Is OSB going to put a gag on phone call records to 999 or AMSA or AFP or families in Australia, which are publicly accountable and retrievable data?

AMSA is part of the 15-government-agency committee advising OSB. How will AMSA satisfy itself that interception procedures following a distress call from an asylum-seeker boat accord with Australia's obligations under the UN SOLAS and SAR Conventions, and with AMSA's own operational manuals for SAR?

How will we know when and whether OSB is honouring its legal maritime safety obligations? These questions are not moot or otiose. Australia's maritime safety obligations were repeatedly violated during Operation Relex, the 2001 precursor to Operation Sovereign Borders and in many ways its model.

We did not find out until a year later in 2002 — thanks to the persistence of Senators Cook, Faulkner, Collins and Bartlett in the Senate Ad Hoc Committee into a Certain Maritime Incident — just how repeatedly and seriously those obligations were being violated by ADF ships' commanders and those instructing them from shore.

Recall the history of the Palapa, the boat rescued by Tampa after its distress signals were ignored for two days by Australian Coastwatch. Recall SIEV 4, the children overboard boat, subject initially to dangerous attempts by HMAS Adelaide to coerce it into turning back, and later left to founder, with passengers and an ADF boarding party having to jump in the water before any rescue of passengers was allowed to happen. Recall SIEV X. Recall the many other incidents in 2001 where SOLAS obligations were compromised, that came to light in the Senate Committee. Recall the dangerous incidents over the past four years. Do we want to go back to all that?

Consider the rights and obligations of ADF ships' commanders taking part in OSB. Morrison said that decisions about turning back the boats would be 'operational decisions for those operationally in control of implementing the Government's policies ... These are decisions politicians would only be involved in where policy guidance is sought'.

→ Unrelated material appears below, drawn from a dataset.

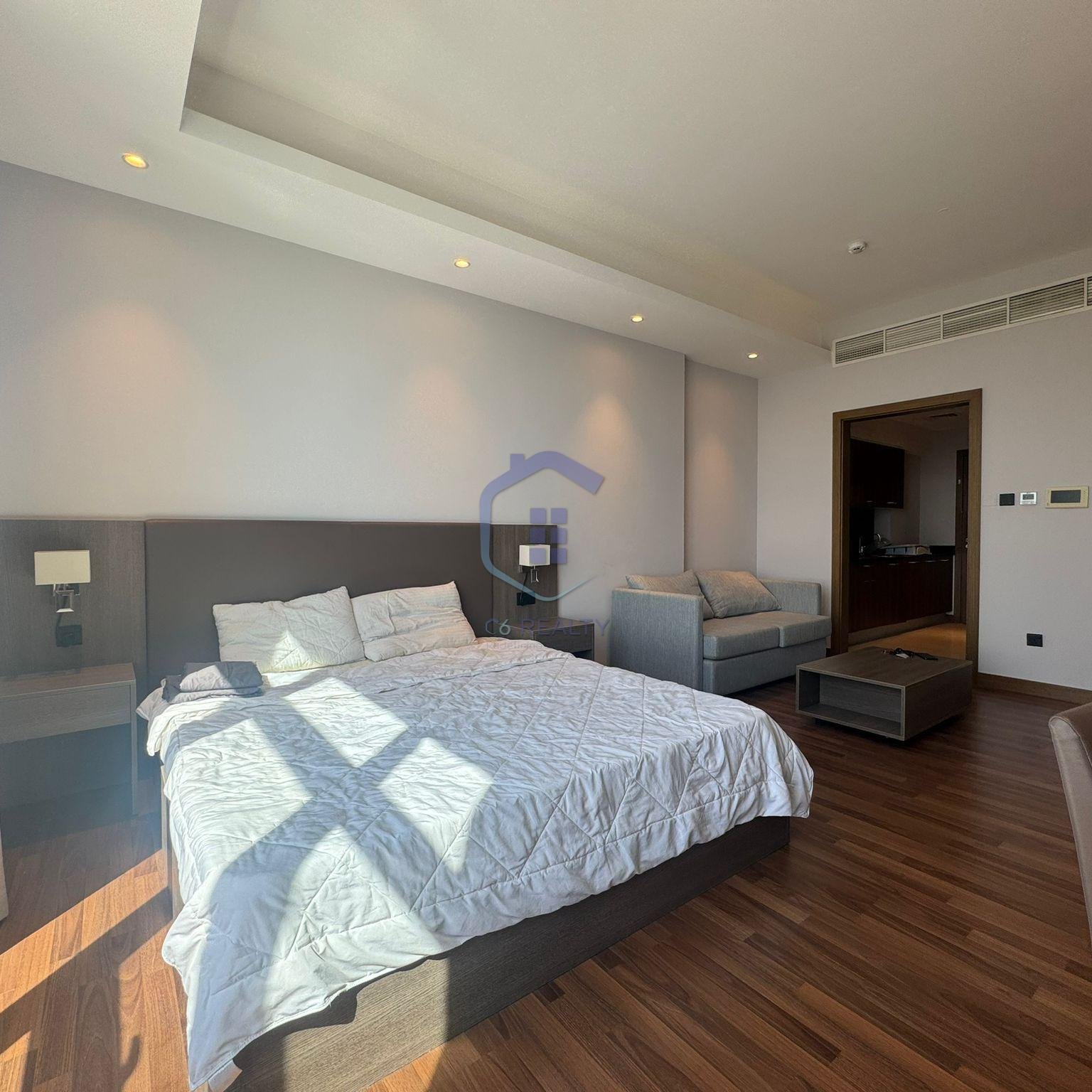 Luxury Studio for Rent in the vibrant Sanabis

To me, that last caveat sounds ominous. Can ADF ships' commanders be secure in the knowledge that their SOLAS obligations will never be compromised by inappropriate 'policy' guidance from shore, from the political or force commander level? Watching the minister's and force commander's demeanour in their first OSB briefing, I feel no such confidence. Are these men desperate to win, at whatever the cost to those who serve under them?

Will ADF ships' commanders have what they are supposed to have under law — decision-making autonomy in putting SOLAS legal obligations at the forefront of their operational decisions in attempted turnback operations? Do they know that their careers will not suffer if they properly put protection of human life at sea first?

Do we not need now — before turnback operations get seriously underway, because this will require Indonesian assent — to hear explicit general public assurances from the minister and force commander on these crucial professional questions? Or will this be evaded on the spurious argument that it will help the people smugglers?

I hope that these questions — crucial for the integrity of OSB and the protection of the ADF's professionalism — will be explored at the next media briefing. OSB must aspire to be a legally accountable, no deaths operation.